8. Coordinate geometry. Understanding

   A circle has equation (x−2)² + (y+1)² = 25. A line has equation y = x + 2.

   • (a) Centre (2, −1), radius 5.
   • (b) Substitute y=x+2: (x−2)²+(x+3)²=25 ⇒ x²−4x+4+x²+6x+9=25 ⇒ 2x²+2x−12=0 ⇒ x²+x−6=0 ⇒ (x+3)(x−2)=0. x=−3,y=−1 and x=2,y=4. Points: (−3,−1) and (2,4).
   • (c) M = ((−3+2)/2, (−1+4)/2) = (−1/2, 3/2).
   • (d) Gradient of chord = 1. Gradient from centre (2,−1) to midpoint (−1/2, 3/2): m = (3/2+1)/(−1/2−2) = (5/2)/(−5/2) = −1. Product = 1×−1=−1 ✓ perpendicular.

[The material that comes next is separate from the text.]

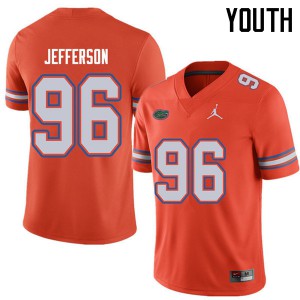 Youth Jordan Brand Cece Jefferson Orange University of Florida #96 High School Jersey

9. Optimisation problem. Problem Solving

   A farmer has 200 m of fencing. He wants to create three equal rectangular paddocks side by side (sharing internal fences).

   • (a) 4 widths (two outer + two internal) + 2 lengths: 4x + 2L = 200 ⇒ L = 100 − 2x.
   • (b) A = L × (total width). Total width = 3x. A(x) = 3x(100−2x) = −6x² + 300x.
   • (c) x = −300/(2×−6) = 25 m. L = 100−50 = 50 m. A(25) = −6(625)+7500 = −3750+7500 = 3 750 m². Each paddock: 25 m × 50/3 m (or total dimensions 75 m × 50 m total area 3 750 m²).
   • (d) x > 0 and L > 0: 100−2x > 0 ⇒ x < 50. Domain: 0 < x < 50. Vertex x=25 is inside ✓.

10. Extended mixed problem. Problem Solving

    A company sells x hundred units per week. The demand function is p(x) = 80 − 4x dollars per unit. Fixed costs are $400 per week and variable cost is $12 per unit.

    • (a) R(x) = 100x × (80−4x) = −400x² + 8000x. C(x) = 12(100x)+400 = 1200x + 400.
    • (b) P(x) = R−C = −400x²+8000x−1200x−400 = −400x² + 6800x − 400.
    • (c) x = −6800/(2×−400) = 8.5 hundred units (850 units).
    • (d) P(8.5) = −400(72.25)+6800(8.5)−400 = −28900+57800−400 = $28 500. Price = 80−4(8.5) = $46 per unit.